EXERCISE DATA below:
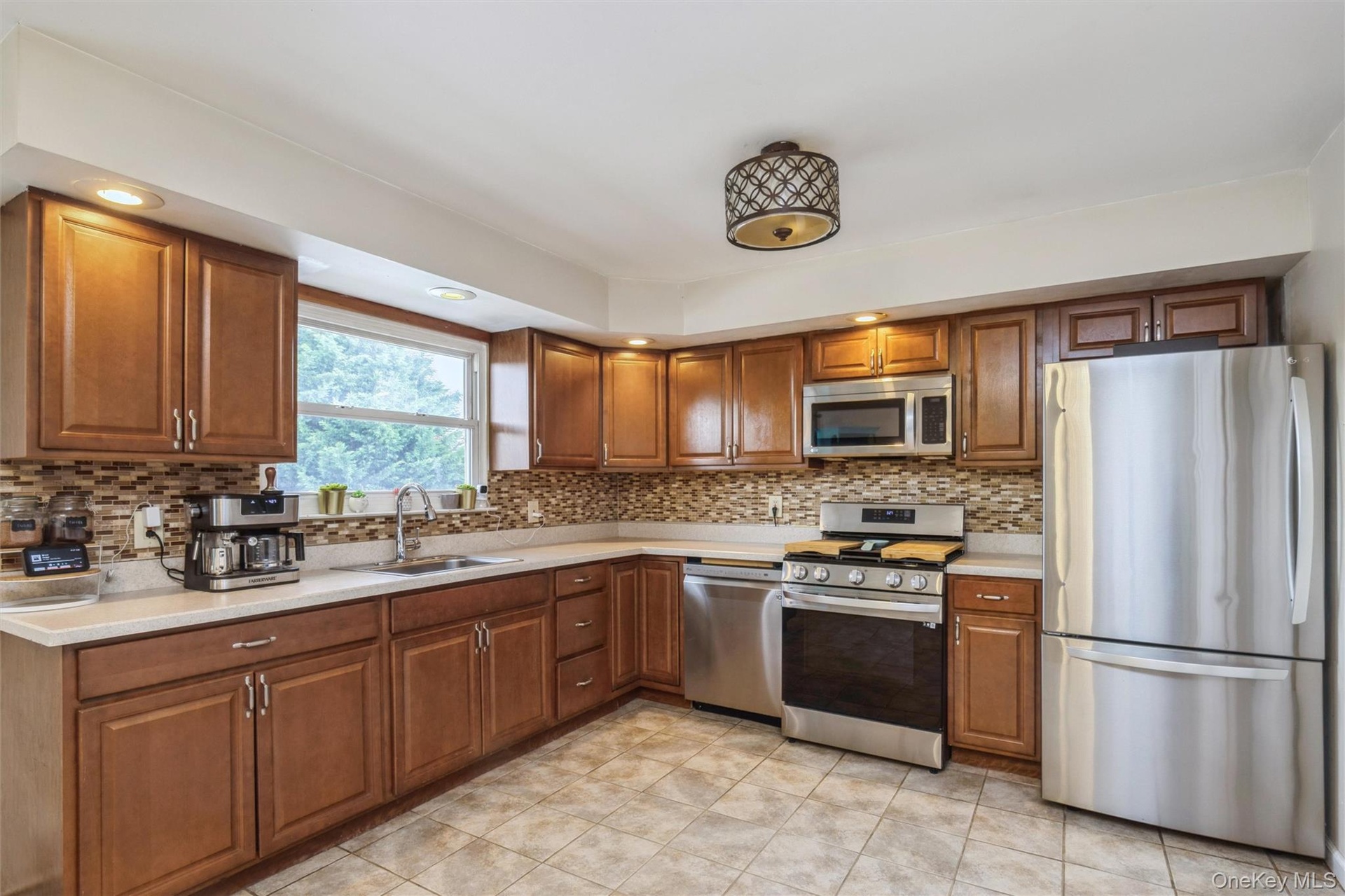 Second floor large kitchen with new stainless steel appliances and huge pantry room.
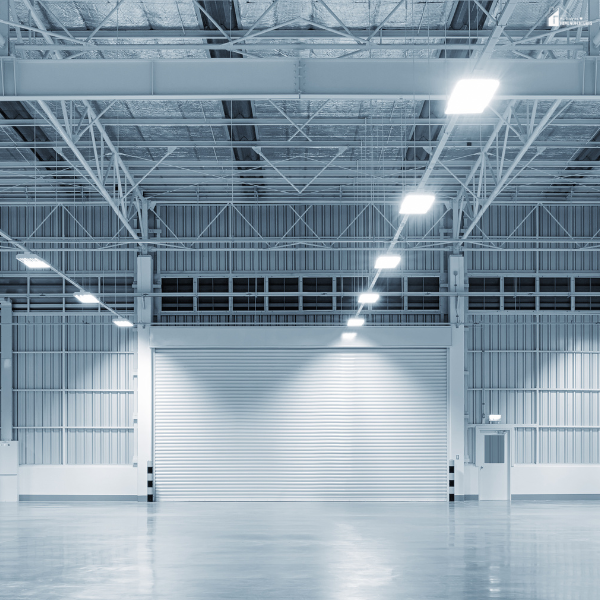 Interior of a large metal building with high ceilings, steel beams, and bright lighting.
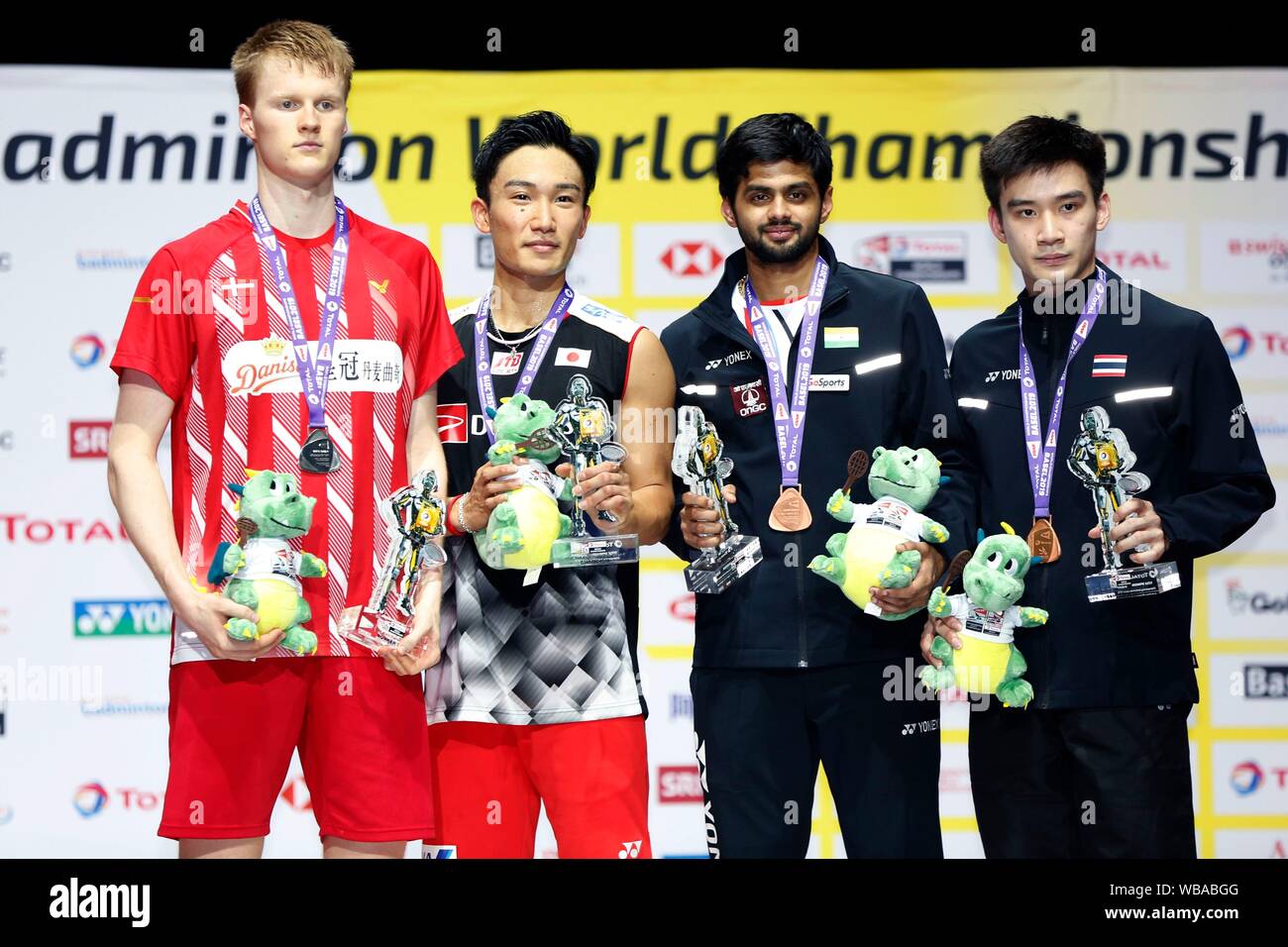 Basel Switzerland. Credit D. 25th Aug 2019. L R Anders Antonsen DEN Kento Momota JPN Sai Praneeth Bhamidipati IND Kantaphon Wangcharoen THA Badminton Winner Kento Momota of Japan poses with his medal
End of EXERCISE DATA.
# TASK TO CARRY OUT:
In your copy, omit the pictures and restate every line of the data word for word.

# WORKED SOLUTION:
 Second floor large kitchen with new stainless steel appliances and huge pantry room.
 Interior of a large metal building with high ceilings, steel beams, and bright lighting.
 Basel Switzerland. Credit D. 25th Aug 2019. L R Anders Antonsen DEN Kento Momota JPN Sai Praneeth Bhamidipati IND Kantaphon Wangcharoen THA Badminton Winner Kento Momota of Japan poses with his medal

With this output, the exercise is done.